I’m sitting at a coffee shop in downtown Stockholm, and some three meters from me, right in front of me, there’s Patrik Isaksson, a Swedish pop star. Whenever I see him on TV, or hear any of the songs on his first album, I think of the winter of 1999 when I often drove down to my apartment late, late at night, listening to his songs, singing along, practicing my Swedish, and finding hidden messages in his songs.
Not the kind of hidden messages that you’d only find if you played the songs backwards, but simply lines that made me smile and that felt like secret messages from the universe. Lines that fit my situation perfectly. Like the song, “Inget kan gå fel”.
“It feels like heaven has opened up its gates / because now I know / nothing can go wrong, if we have faith in each other.”
And driving down the silent E4 south, I could squeeze three of my favorite songs – or the same one three, four times – into those 18 minutes it took me to get from Mormor’s house to my apartment on the south side of town.

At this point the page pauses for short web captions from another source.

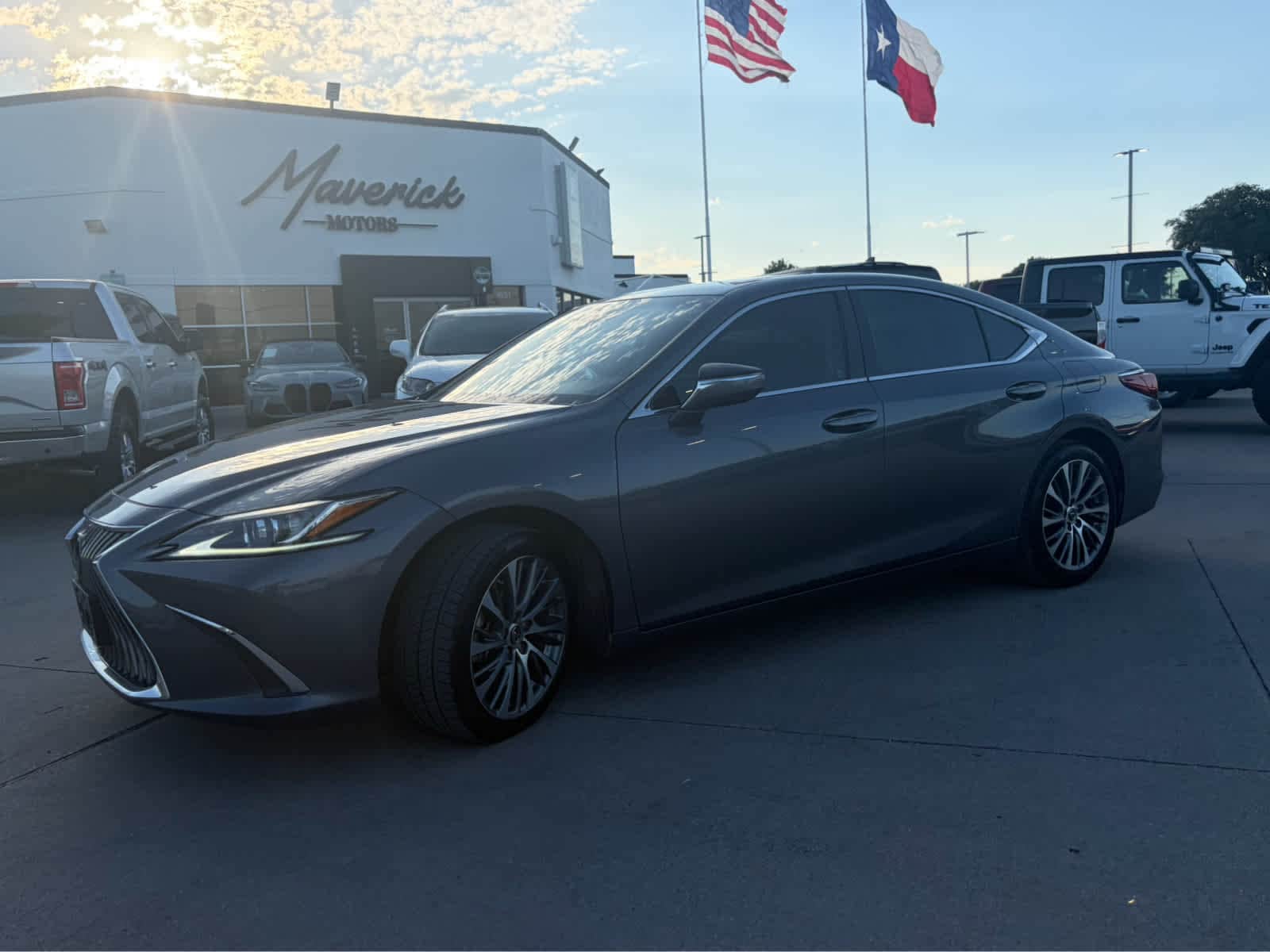 2019 Lexus ES 350 350's photo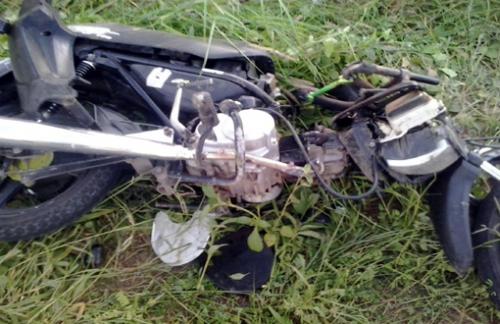 Acidente de moto deixa três feridos na BA-938 em Guanambi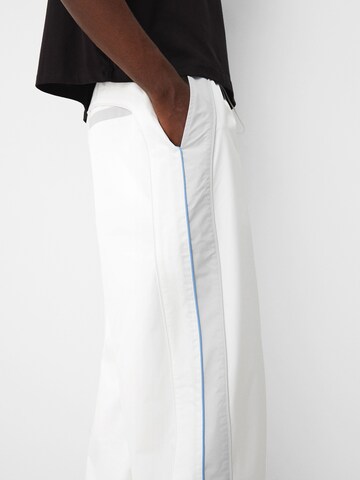 Bershka Loosefit Kalhoty – bílá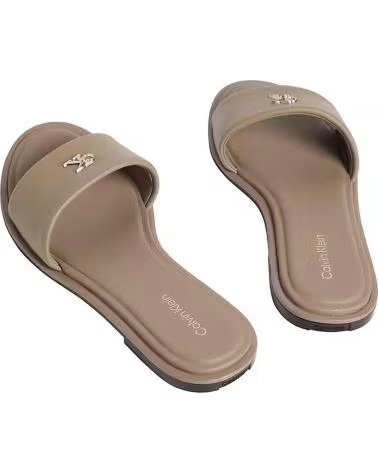 CALVIN KLEIN SANDÁLIAS RASTEIRAS ROUND LOGO EM COURO TAUPE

Because Mormor’s house means Grandma’s house and that’s where Wife lived. After dinner, after a movie, after long walks and talks, I would get in my car and drive home. For months it was always Patrik’s music that was blasting from the speakers of my BMW.
And when Patrik was singing about how everything would be alright, and how he felt strong and wonderful with his girl, I knew exactly what he was singing about. He was singing about me and Wife.
I would play Patrik’s album when we went for drives together, and while Wife wasn’t as big a fan as I was, she liked to sing the harmonies, and to me, that made her the most talented person in the world.
The winter turned to spring, the days got longer and longer. My Swedish got better and nothing did go wrong. A few months later, my car ride got a lot shorter when Wife moved to the south side of town, and then, a few months after that, we moved in together.
The Beemer’s long gone, and I don’t drive around in the middle of the night much these days. I have bought most, if not all, of Patrik’s albums over the years. Some are good, but none as good as the first one.
The first one was so good, though, that I had to do my nod again. You know, that universal gesture of acknowledgement of another person that is still discreet and not intrusive – and subtle enough for me to turn it into an attempt to get the hair off my face if the situation gets to be too embarrassing.
Patrik didn’t see my nod, but I fixed my hair anyway. Then I texted Wife.